You are viewing a plain text version of this content. The canonical link for it is here.
Posted to issues@carbondata.apache.org by xuchuanyin <gi...@git.apache.org> on 2018/04/13 09:20:40 UTC

[GitHub] carbondata pull request #2169: [CARBONDATA-2344][DataMap] Fix bugs in mappin...

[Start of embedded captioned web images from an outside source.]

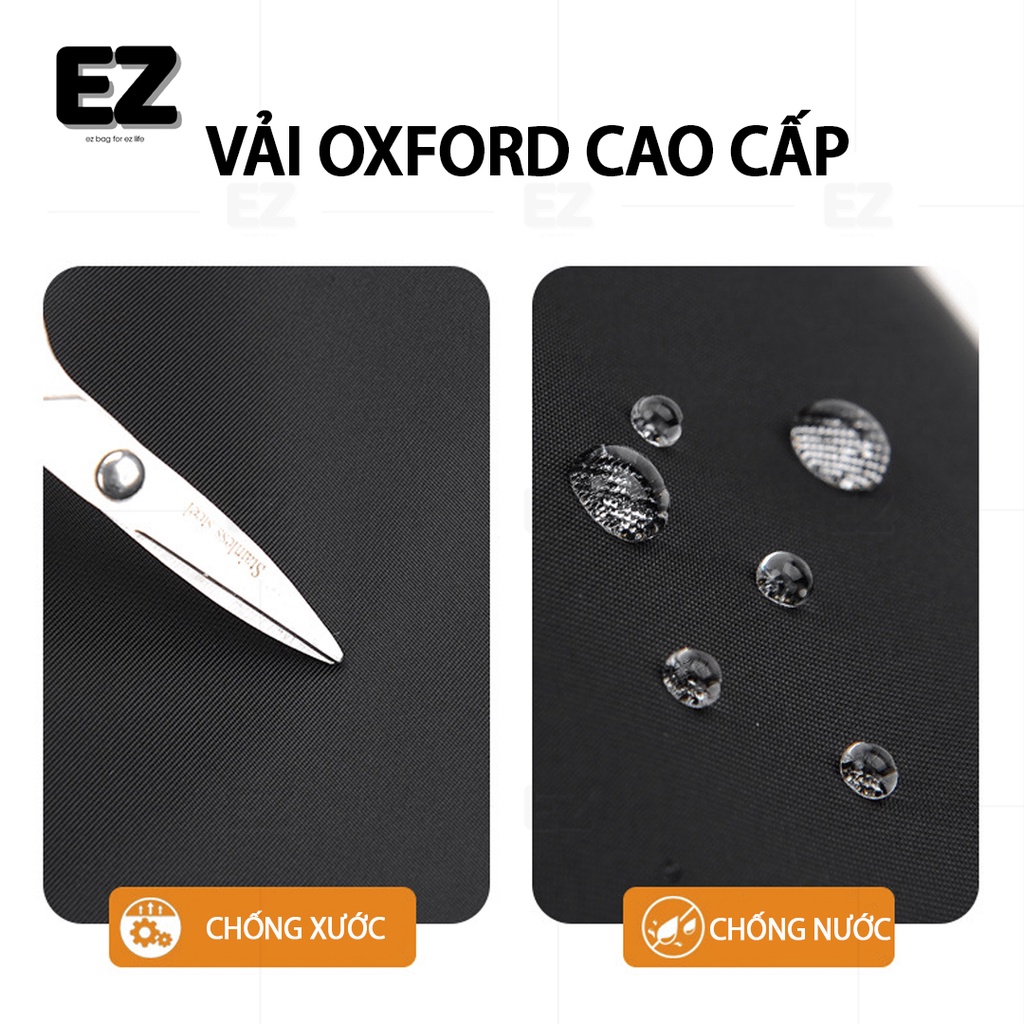Balo laptop chống nước thời trang  BLU11 có cổng sạc USB, Balo du lịch kích thước lớn vải Oxford cao cấp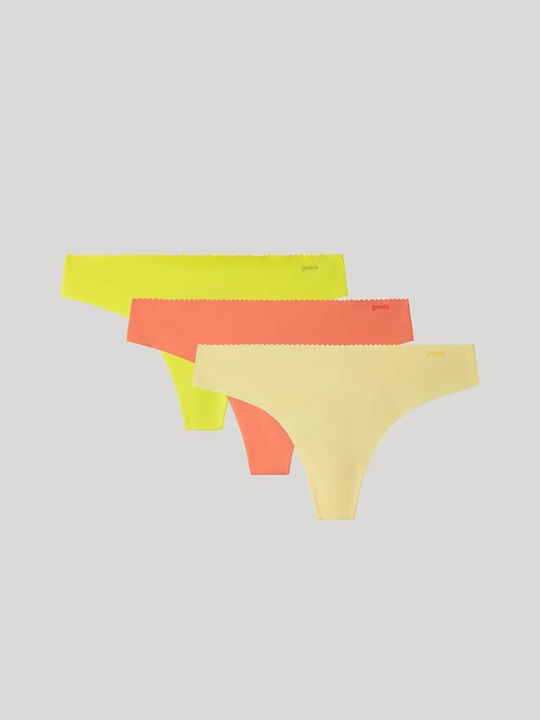Women's Slip 3Pack Seamless Yellow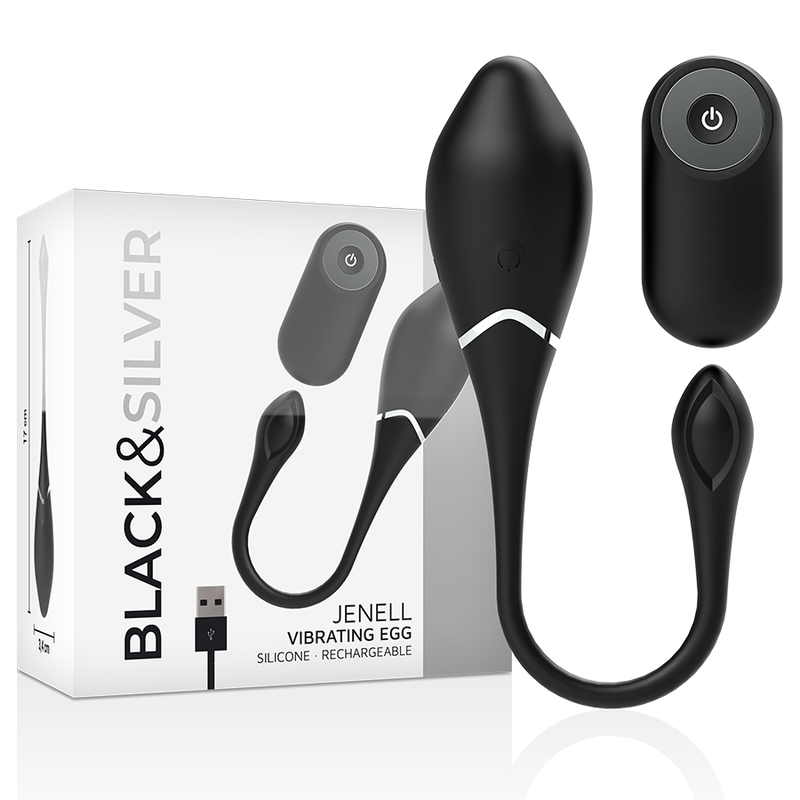 La marca BLACK&SILVER nos facilita esta imagen de su producto BLACK&SILVER - JENELL HUEVO VIBRADOR RECARGABLE para nuestro catálogo.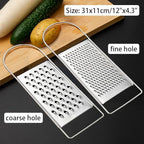 2 Pack Cheese Grater Handheld, Flat Coarse Stainless Steel Food Graters for Kitchen, Suitable for Potato, Vegetable, Butter, Parmesan Cheese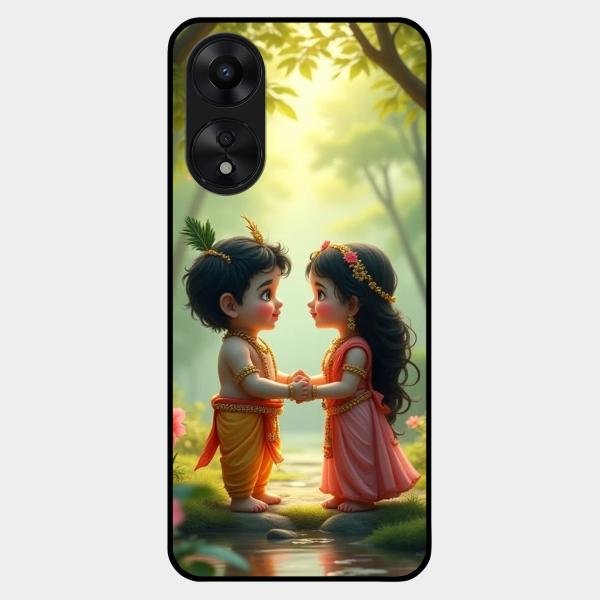 heavenly bond glossy metal case cover for Oppo A78 5G
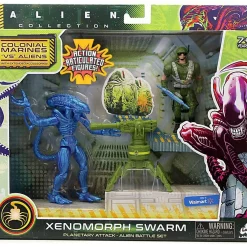 Buy ✨ Alien Collection Colonial Marines 'VS' Aliens Xenomorph Warrior Exclusive Alien Battle Action Figure Set [Planetary Attack] ✨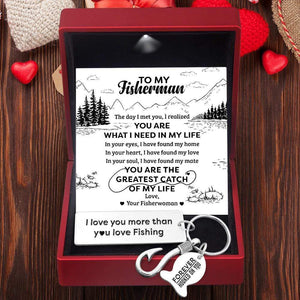Fishing Hook Keychain - Fishing - To My Man - Forever Hooked On You - Gku26008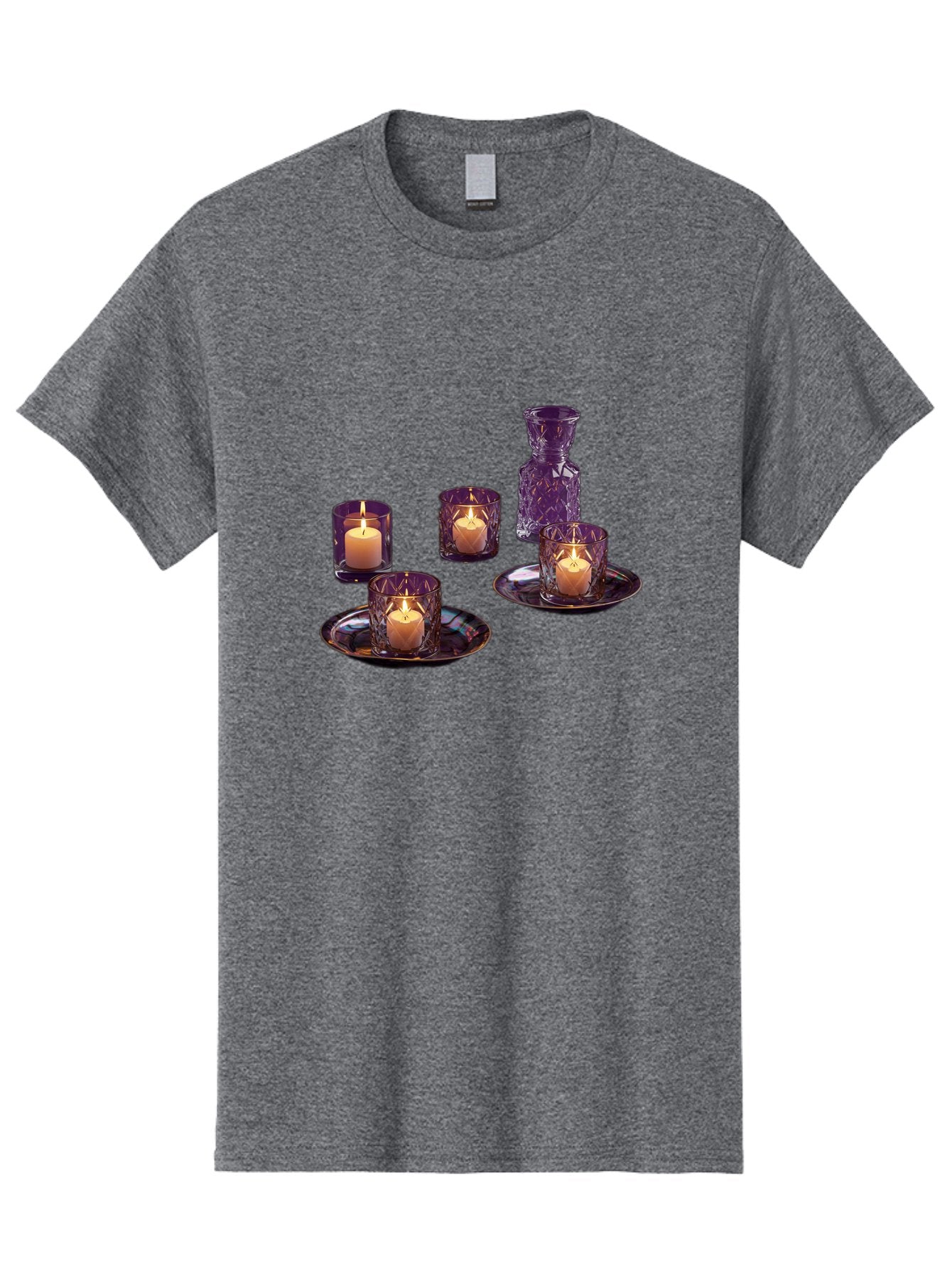 Purple-Candle-Holders Men'S Graphic Tee, 100% Cotton, Comfortable Casual Summer Wear, Machine Washable, Vintage Camera, Old Camera, Antique Camera, Black Camera, Classic Photography, Photography Equipment, Nostalgic Device, Film Camera, Bag985 5
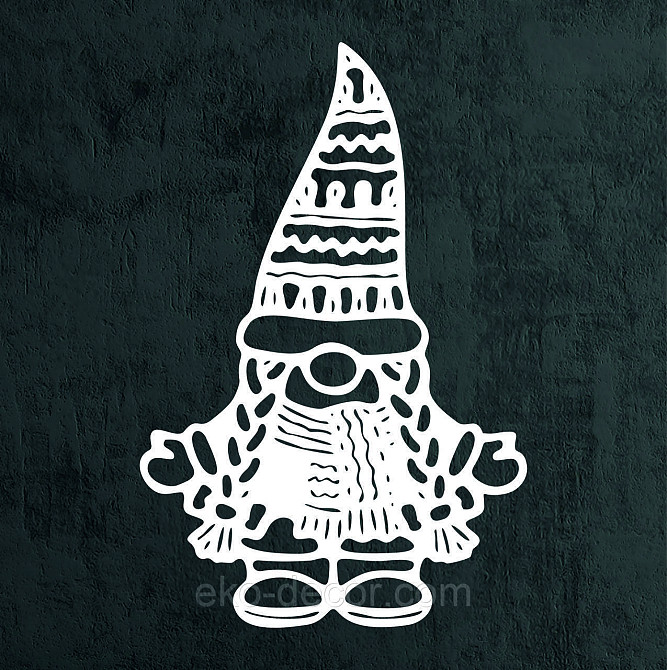 Декоративное настенное Панно «Гном», Декор на стену 70*46 см, Белый Киев - изображение 6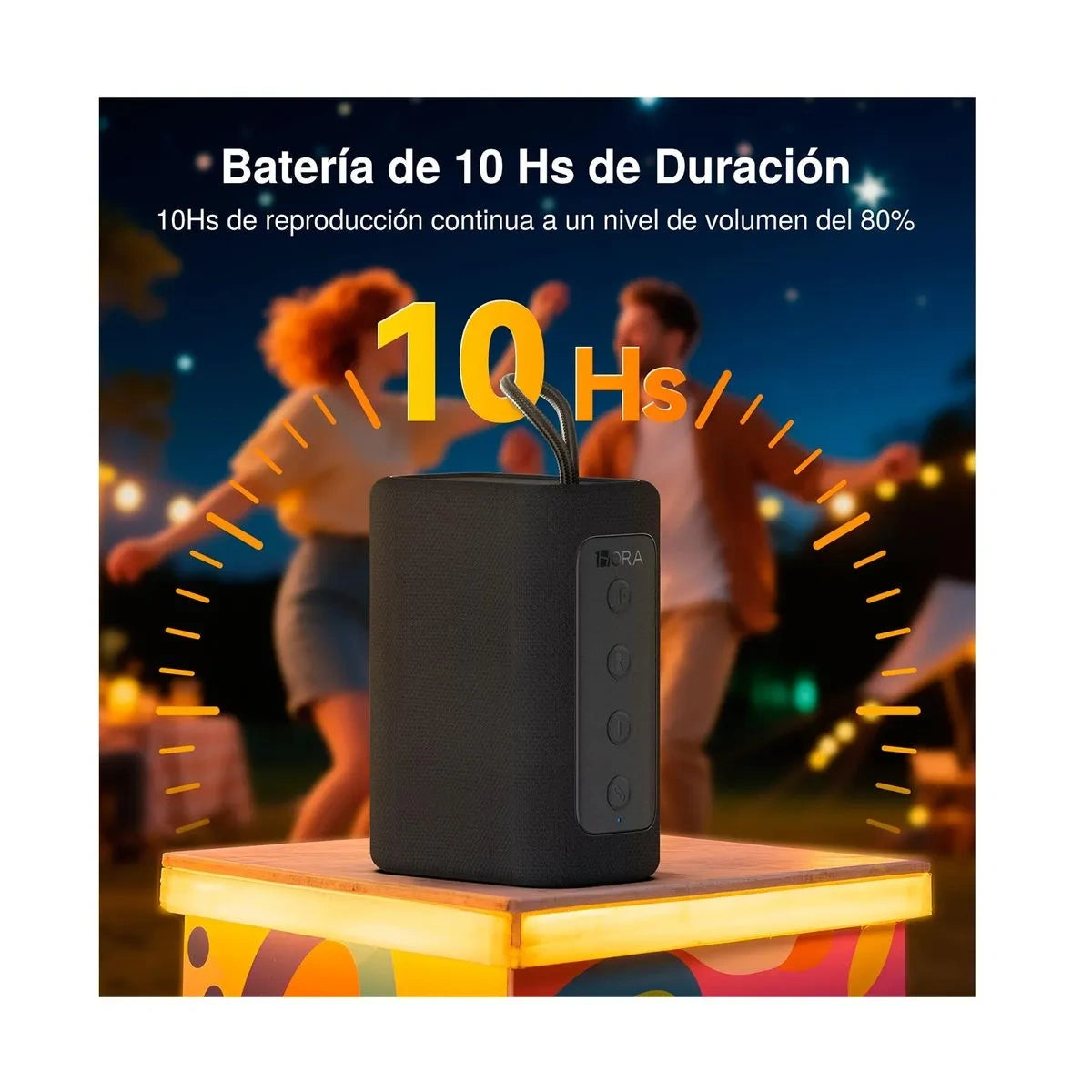 Parlante 1Hora BOC244 | Bluetooth 5.3 + USB + TF + AUX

GitHub user xuchuanyin opened a pull request:

    https://github.com/apache/carbondata/pull/2169

    [CARBONDATA-2344][DataMap] Fix bugs in mapping blocklet to UnsafeDMStore rows

    In BlockletDataMap, carbondata stores DMRow in an array for each
    blocklet. But currently carbondata accesses the DMRow only by
    blockletId(0, 1, etc.), which will cause problem since different
    block can have same blockletId.
    
    This PR adds a map to map the blockId#blockletId to array index,
    carbondata can access the DMRow by blockId and blockletId.
    
    Be sure to do all of the following checklist to help us incorporate 
    your contribution quickly and easily:
    
     - [x] Any interfaces changed?
     `NO, only internal interfaces have been changed`
     - [x] Any backward compatibility impacted?
     `NO`
     - [x] Document update required?
    `NO`
     - [x] Testing done
            Please provide details on 
            - Whether new unit test cases have been added or why no new tests are required?
    `NO`
            - How it is tested? Please attach test report.
    `Tested in local`
            - Is it a performance related change? Please attach the performance test report.
    `No`
            - Any additional information to help reviewers in testing this change.
     `NO`      
     - [x] For large changes, please consider breaking it into sub-tasks under an umbrella JIRA. 
    `Not related`


You can merge this pull request into a Git repository by running:

    $ git pull https://github.com/xuchuanyin/carbondata 0413_bug_blocklet_dm_unsafe_row

Alternatively you can review and apply these changes as the patch at:

    https://github.com/apache/carbondata/pull/2169.patch

To close this pull request, make a commit to your master/trunk branch
with (at least) the following in the commit message:

    This closes #2169
    
----
commit dd010297c7f7428dc8f42ec1a292b8cdddcc09aa
Author: xuchuanyin <xu...@...>
Date:   2018-04-13T08:18:23Z

    Fix bugs in mapping blocklet to UnsafeDMStore
    
    In BlockletDataMap, carbondata stores DMRow in an array for each
    blocklet. But currently carbondata accesses the DMRow only by
    blockletId(0, 1, etc.), which will cause problem since different
    block can have same blockletId.
    
    This PR adds a map to map the blockId#blockletId to array index,
    carbondata can access the DMRow by blockId and blockletId.

----


---

[GitHub] carbondata issue #2169: [CARBONDATA-2344][DataMap] Fix bugs in mapping block...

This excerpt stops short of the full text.